Dino Zoff, dicevo. Ricordo ancora a memoria (giuro!) la formazione della Juventus stagione 1973-74: Zoff, Spinosi, Marchetti; Furino, Morini, Salvadore; Causio, Cuccureddu, Anastasi, Capello, Bettega. Trascorrevo le domeniche accovacciato sul tappeto della mia stanza davanti alla radio, Tutto il calcio minuto per minuto. Dopo due scudetti consecutivi, per me storia inedita, la Juventus finì il campionato alle spalle della Lazio. Zoff era già una specie di archetipo: prima di lui, con il numero uno sulle spalle, nomi biblici che per me non significavano nulla. All’epoca aveva sui trent’anni, quindi me lo raffiguravo come un anziano sapiente e infallibile. Quei pochi gol che prendeva potevano essere solo colpa del fato. Altra formazione, la Juventus 1976-77: la prima di Trapattoni. Zoff, Gentile, Cuccureddu; Furino, Morini, Scirea; Causio, Tardelli, Boninsegna, Benetti, Bettega. La Juventus dei 51 punti (su 60 a disposizione), vincente di un’incollatura sul Torino dopo un campionato elettrizzante, aperto fino all’ultima giornata. La Juventus che conquistò il suo primo trofeo internazionale, la Coppa UEFA, finale contro l’Athletic Bilbao. Zoff l’eroe eponimo. Il ’78 fu l’anno dello scudetto-bis, del quarto posto dell’Italia ai Mondiali in Argentina (ma il miglior gioco in assoluto), e dei quarti di finale della Coppa Campioni: quelli in cui Zoff parò tre rigori ai lancieri dell’Ajax. A trentasei anni era al culmine della carriera, sebbene qualcuno cominciasse a malignare. Vecchio? Aiace Telamonio non poteva essere vecchio. Un mito, piuttosto.

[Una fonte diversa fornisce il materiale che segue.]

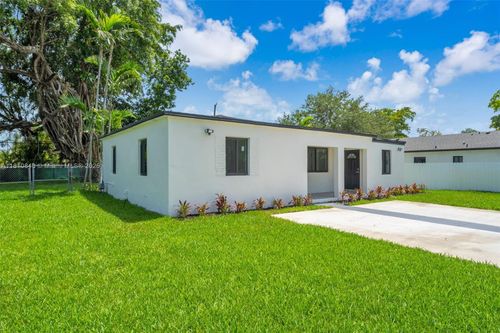 1010 Ne 140th St, North Miami, FL, 33161-3308 | Card Image
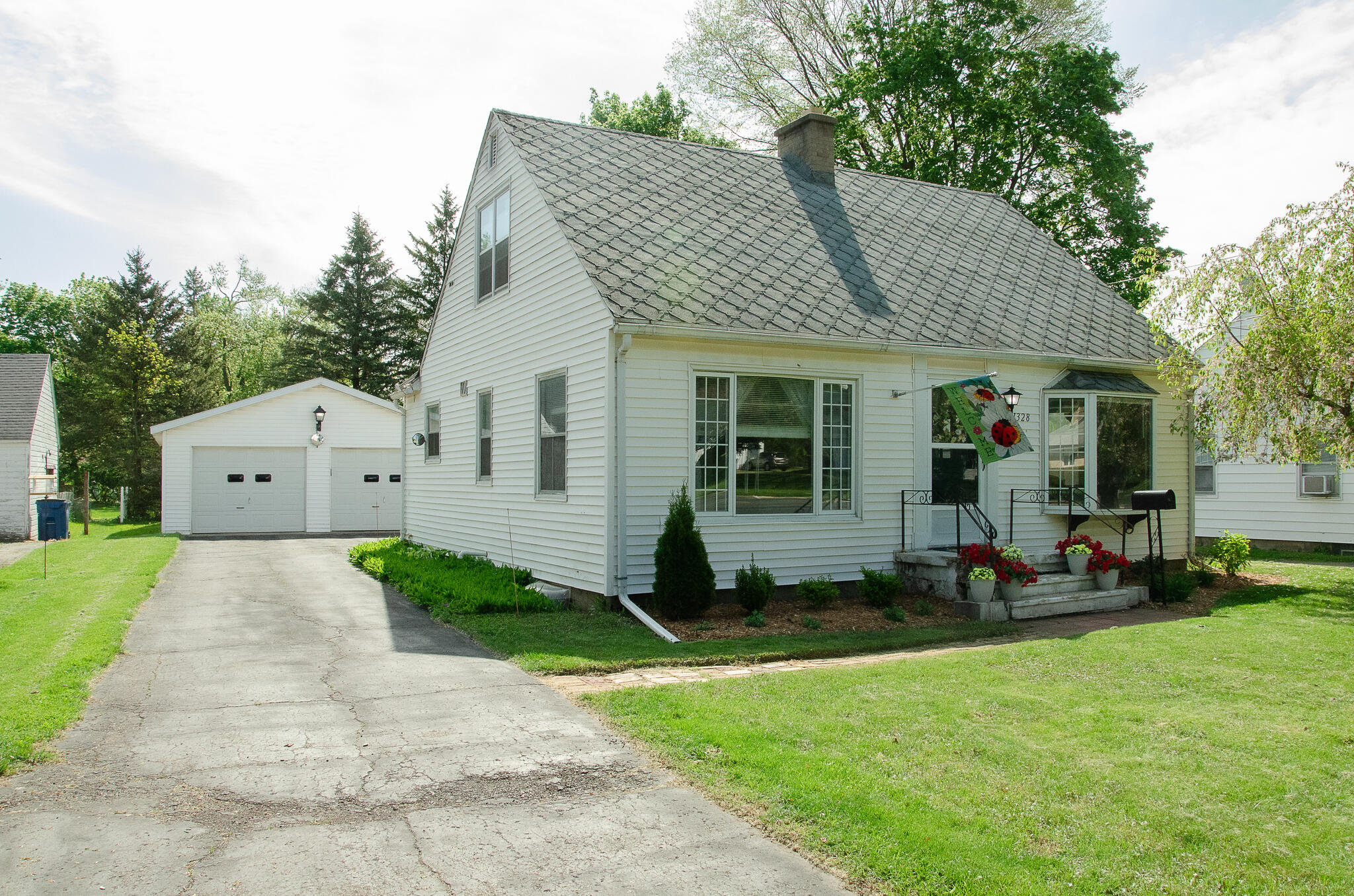 1328 Nichols Road Kalamazoo, MI 49006 - Photo 56 of 59 _DCS4877_(2048)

E il mito continuò a difendere imperterrito la porta della Juventus e della Nazionale con parate prodigiose. Ora lo vedevo dal vero, allo stadio, infondeva nei tifosi un senso di sicurezza come se la porta fosse sprangata. Lui dietro e Scirea subito davanti. Risultato in cassaforte.
La formazione della Nazionale Campione del Mondo 1982 è una litania mandata a mente in saecula saeculorum: Zoff, Gentile, Cabrini; Bergomi, Collovati, Scirea. Conti, Tardelli, Rossi, Antognoni, Graziani. Il miracolo di Zoff contro il Brasile (colpo di testa di Oscar bloccato sulla linea) vale come i sei gol di Pablito Rossi capocannoniere. San Dino. E la Juventus 1982-83 è un rosario da sgranare con gli occhi: Zoff, Gentile, Cabrini; Bonini, Brio, Scirea; Briaschi, Tardelli, Rossi, Platini, Boniek. La finale di Coppa Campioni persa malamente contro l’Amburgo resta però un ricordo amaro. Zoff in ginocchio dopo il gol di Magath, il simbolo dell’avvenuta capitolazione, l’ultimo con la maglia bianconera. Un giorno di maggio 1983, dopo Svezia - Italia 2-0 che se non fosse stato per lui sarebbe stata una goleada, Zoff il taciturno convoca una conferenza stampa per prendere congedo.
All’annuncio, ricordo che mi sentii improvvisamente orfano. Sembrava impossibile che un giorno la formazione della Juventus cominciasse con un nome diverso dal suo. In quel momento, forse per la prima volta, ebbi la consapevolezza che la vita procede per cicli, ad un certo punto subentra una privazione con la quale dobbiamo fare necessariamente i conti.
Il nome di Dino Zoff rimane però scolpito nella memoria, non solo sportiva. Un atleta fuoriclasse, un vero numero uno, equilibrato, sereno, misurato nello stile. Aveva un gran senso della porta, della posizione, le sue parate erano essenziali, mai inutilmente plateali. Trasmetteva fiducia, ai compagni e ai tifosi accalcati sugli spalti o davanti al televisore. Concedeva poche parole eppure chiare, senza farsi coinvolgere dalle polemiche. Ma la sua leggenda nasce, ancor più che dal palmarès impareggiabile, dai comportamenti fuori dal campo. Un uomo vero, di spessore, dal carattere forte, provvisto di una straordinaria forza morale.
Lo sport può insegnarci molto, soprattutto la giusta mentalità per affrontare l’esistenza. Dino Zoff resta in questo senso un esempio tra i più fulgidi.